The noise is mostly due to turbulence, although fan-powered terminal boxes also have noise from induction fans. Controlling this noise in healthcare spaces can be difficult because of the restrictions on ductwork.
Traditionally, there have been four noise control methods to reduce ductborne noise transmission from terminal boxes to supply diffusers downstream: fibrous duct lining, integral attenuation sections, flexible duct, and duct silencers. Fibrous duct lining is prohibited in many healthcare spaces. This lining is also a key component in integral attenuation sections, which are basically sections of lined duct.

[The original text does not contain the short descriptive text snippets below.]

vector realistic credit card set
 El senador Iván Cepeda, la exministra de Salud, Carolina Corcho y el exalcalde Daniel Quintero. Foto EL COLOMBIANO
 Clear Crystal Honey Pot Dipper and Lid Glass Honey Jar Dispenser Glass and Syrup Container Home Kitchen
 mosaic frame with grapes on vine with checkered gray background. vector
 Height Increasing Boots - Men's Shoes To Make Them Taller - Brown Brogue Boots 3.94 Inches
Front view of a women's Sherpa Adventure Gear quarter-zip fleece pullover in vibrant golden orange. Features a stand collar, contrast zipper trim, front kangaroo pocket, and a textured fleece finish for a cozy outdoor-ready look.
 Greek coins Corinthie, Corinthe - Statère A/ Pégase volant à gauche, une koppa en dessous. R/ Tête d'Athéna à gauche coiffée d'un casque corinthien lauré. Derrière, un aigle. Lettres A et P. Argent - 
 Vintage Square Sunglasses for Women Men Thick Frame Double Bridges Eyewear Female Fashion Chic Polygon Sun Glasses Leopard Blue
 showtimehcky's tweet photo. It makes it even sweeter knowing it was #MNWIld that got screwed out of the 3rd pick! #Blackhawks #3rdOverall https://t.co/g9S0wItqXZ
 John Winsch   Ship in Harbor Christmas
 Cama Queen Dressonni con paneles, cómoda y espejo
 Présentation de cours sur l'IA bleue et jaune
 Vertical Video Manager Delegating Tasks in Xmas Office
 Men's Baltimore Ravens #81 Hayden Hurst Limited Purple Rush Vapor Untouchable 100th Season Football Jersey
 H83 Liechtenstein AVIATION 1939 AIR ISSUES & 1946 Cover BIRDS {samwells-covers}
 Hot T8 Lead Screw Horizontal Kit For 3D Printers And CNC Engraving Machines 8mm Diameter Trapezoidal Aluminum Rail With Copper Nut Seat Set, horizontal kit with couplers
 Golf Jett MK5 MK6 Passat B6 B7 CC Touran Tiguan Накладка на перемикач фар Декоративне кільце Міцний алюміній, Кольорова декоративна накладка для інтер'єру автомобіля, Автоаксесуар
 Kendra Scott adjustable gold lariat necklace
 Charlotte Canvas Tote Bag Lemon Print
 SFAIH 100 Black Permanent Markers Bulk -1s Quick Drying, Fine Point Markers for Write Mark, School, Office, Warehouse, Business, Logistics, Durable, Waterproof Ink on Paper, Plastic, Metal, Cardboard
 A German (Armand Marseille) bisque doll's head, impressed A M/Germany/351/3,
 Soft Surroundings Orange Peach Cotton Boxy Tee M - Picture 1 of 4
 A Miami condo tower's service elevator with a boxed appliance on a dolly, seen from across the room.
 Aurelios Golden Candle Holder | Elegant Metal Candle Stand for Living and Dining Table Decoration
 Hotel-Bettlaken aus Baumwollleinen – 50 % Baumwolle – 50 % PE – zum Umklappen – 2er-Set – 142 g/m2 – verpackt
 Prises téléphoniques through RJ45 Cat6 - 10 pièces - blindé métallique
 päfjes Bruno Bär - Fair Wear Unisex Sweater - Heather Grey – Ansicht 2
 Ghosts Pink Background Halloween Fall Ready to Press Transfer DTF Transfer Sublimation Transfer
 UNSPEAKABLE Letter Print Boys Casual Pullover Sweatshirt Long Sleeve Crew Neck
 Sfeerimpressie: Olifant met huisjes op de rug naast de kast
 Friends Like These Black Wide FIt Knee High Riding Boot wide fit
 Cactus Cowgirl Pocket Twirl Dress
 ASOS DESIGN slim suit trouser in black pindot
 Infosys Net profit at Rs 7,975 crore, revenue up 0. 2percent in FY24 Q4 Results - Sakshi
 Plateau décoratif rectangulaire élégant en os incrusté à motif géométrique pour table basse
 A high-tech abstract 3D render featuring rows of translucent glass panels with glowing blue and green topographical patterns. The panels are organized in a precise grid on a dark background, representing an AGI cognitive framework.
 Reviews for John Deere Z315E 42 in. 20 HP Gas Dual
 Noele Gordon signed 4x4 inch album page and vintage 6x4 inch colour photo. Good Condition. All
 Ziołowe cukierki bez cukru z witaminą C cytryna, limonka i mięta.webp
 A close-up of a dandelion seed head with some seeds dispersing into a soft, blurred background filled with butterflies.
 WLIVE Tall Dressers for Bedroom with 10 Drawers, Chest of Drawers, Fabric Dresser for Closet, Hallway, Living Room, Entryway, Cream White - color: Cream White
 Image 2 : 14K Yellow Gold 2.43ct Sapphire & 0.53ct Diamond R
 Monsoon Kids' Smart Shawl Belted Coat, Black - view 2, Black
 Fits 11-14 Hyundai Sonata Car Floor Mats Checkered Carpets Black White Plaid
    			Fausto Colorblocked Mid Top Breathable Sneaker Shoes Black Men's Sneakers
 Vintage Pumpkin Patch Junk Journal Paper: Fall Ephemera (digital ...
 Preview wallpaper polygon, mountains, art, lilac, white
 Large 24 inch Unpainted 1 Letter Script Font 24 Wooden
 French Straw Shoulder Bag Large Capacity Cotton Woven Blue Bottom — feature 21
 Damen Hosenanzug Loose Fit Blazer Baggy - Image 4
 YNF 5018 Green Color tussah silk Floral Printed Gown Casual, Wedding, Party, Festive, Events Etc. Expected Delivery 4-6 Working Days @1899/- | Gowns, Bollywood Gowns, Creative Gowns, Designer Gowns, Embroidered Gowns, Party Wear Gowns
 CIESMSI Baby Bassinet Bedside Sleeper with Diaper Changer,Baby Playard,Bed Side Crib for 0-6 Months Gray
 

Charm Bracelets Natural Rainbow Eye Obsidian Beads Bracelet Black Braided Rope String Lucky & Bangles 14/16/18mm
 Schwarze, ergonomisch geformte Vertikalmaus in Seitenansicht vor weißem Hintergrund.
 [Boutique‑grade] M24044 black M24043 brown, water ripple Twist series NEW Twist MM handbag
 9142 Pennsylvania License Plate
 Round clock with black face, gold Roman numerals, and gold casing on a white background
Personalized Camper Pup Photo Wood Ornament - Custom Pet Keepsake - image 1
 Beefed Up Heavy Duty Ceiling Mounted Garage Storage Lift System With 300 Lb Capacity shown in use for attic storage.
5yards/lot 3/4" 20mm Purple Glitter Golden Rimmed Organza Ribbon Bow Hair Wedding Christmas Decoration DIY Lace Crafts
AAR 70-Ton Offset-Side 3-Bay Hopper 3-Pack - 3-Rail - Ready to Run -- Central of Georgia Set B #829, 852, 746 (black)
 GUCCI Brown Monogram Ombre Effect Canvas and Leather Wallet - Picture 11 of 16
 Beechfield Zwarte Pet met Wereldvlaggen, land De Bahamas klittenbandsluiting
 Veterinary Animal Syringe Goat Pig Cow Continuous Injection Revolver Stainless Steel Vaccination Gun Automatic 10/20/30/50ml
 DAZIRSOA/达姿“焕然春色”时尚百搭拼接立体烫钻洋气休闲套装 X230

Keep in mind that when a terminal box needs to be “hospital grade,” the attenuation section is typically lined with a film facing that effectively eliminates the acoustical performance of the attenuation section. Eliminating these options leaves flexible duct and duct silencers as the only remaining noise control measures from our traditional toolbox. I recommend the wire-helix variety of flexible duct.
For Noise Criteria (NC) 35 background noise goals, which occur in most areas of healthcare facilities, only modest attenuation is required. Either 5 feet of flexible duct at the runout to each diffuser or a 3-foot medium pressure drop silencer on the room side of the terminal box should provide sufficient control of terminal box noise.
The duct silencer should be a film-lined baffled silencer to satisfy air quality concerns while providing acoustical performance. (Note that a baffled silencer can still perform well when faced with film facing, while a lined duct cannot.) The silencer should be sized to have no more than 0.08 inches of pressure drop and should be at least one or two duct diameters from the terminal box and any duct fittings to avoid excess pressure drop and self generated noise.
For NC-30 background noise goals, which occur in conference rooms and other listening spaces, a duct silencer will be required. This silencer should be sized to have no more than 0.06 inches of pressure drop and should be at least one or two duct diameters from the terminal boxes and any duct fittings.
Some terminal box manufacturers are now providing a film-faced baffled attenuator and a terminal box packaged together as a single unit, which can save on labor and material costs. The noise data for these units should be studied to see if they provide similar attenuation to the options mentioned above.